The situation in eastern Ukraine is forcing people to leave their homes, the men and women who are able to work are forced to look for jobs in strange cities, elderly people are forced to seek help from relatives, and children with disabilities are left to rely on people with a big heart who care enough to help.
The special secondary boarding school in Lugansk Oblast which is currently under the control of the terrorists has become a home for special needs children as well as a home for ordinary children whom the war has deprived of their family home. Because their families don’t have the means to provide heat or food for their children they are forced to place them in the institution. At the moment 127 children are housed at the boarding school, 99 of whom are children with disabilities, including autistic children.
The home did not escape the war. Local people say there is no heat in the home because all the coal has been used up. The supply of food has dwindled to minimal rations for the children. The flour is gone, and so is the sunflower oil. Fruits and fresh vegetables have all been eaten. The children have had to subsist on macaroni, oats and stale vegetables.
According to recent information the terrorist administration has stopped asking the government in Kyiv to continue supplying the boarding school with heat and provisions. The school is under the jurisdiction of the government in Kyiv.

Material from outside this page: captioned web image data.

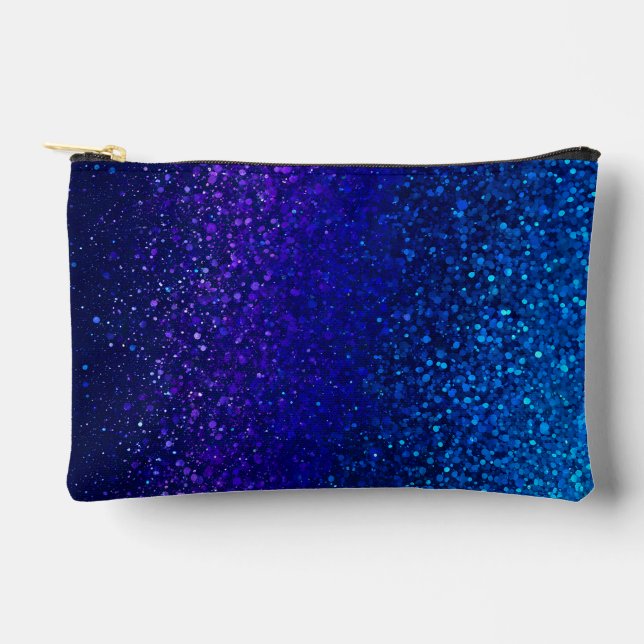 Sac Accessoire en Paillettes de Couleurs (Recto)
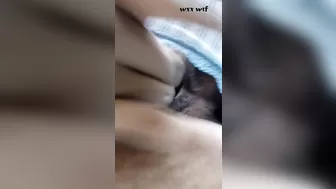 Pulling my Panties aside to Finger myself_SugarSweetMimi_1080p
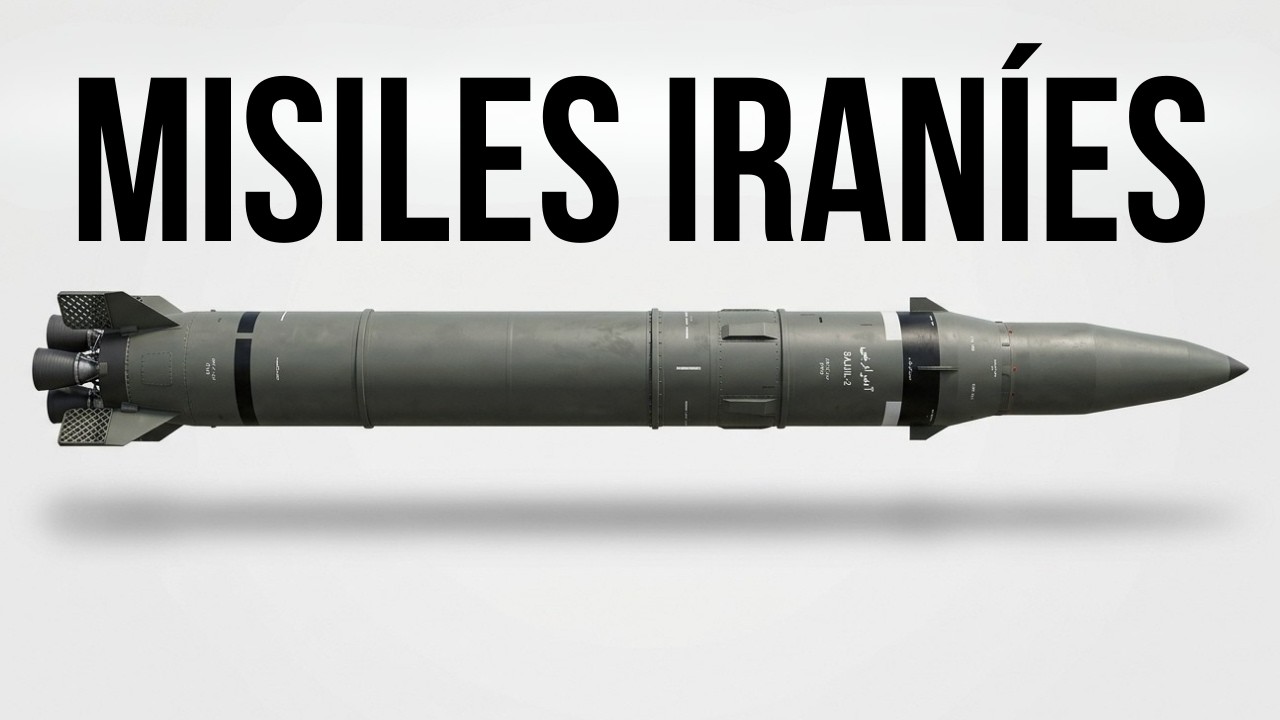 Todos los Sistemas de Misiles Balísticos Desarrollados por Irán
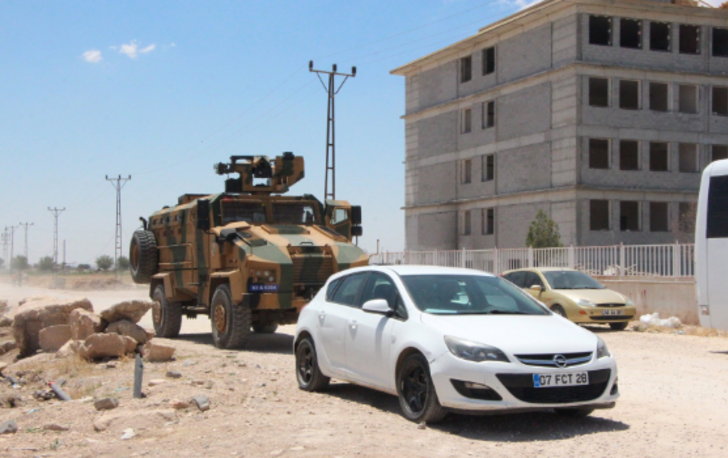 Suruç'ta 4 çuval oy pusulası, 3 gözaltı  G1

Thanks to the the efforts of the local people a supply of coal for the boarding school has been found and humanitarian aid has been taken up by human rights activists in Kyiv and Cherkasy oblasts. The Ukrainian Orthodox (Kyiv Patriachate) Charitable Fund “Second Front” together with a number of other organizations and activists have taken on the challenge of helping supply the Perevalsk Regional Boarding School with food products.
Humanitarian aid has been collected for the time being. Svitlana, an activist from Horodyshche described the elderly and the local youth bringing in food products and items of daily necessities for the children. Locally produced canned fish and meat, fruits and vegetables, delicacies from Cherkasy, and even sweets were donated. Kind words and wishes for peace and good health for the children who are forced to live in a place that is in the midst of war were heard all day. Everyone was loving and caring and behaved as if the destiny of the cherished children was in their hands.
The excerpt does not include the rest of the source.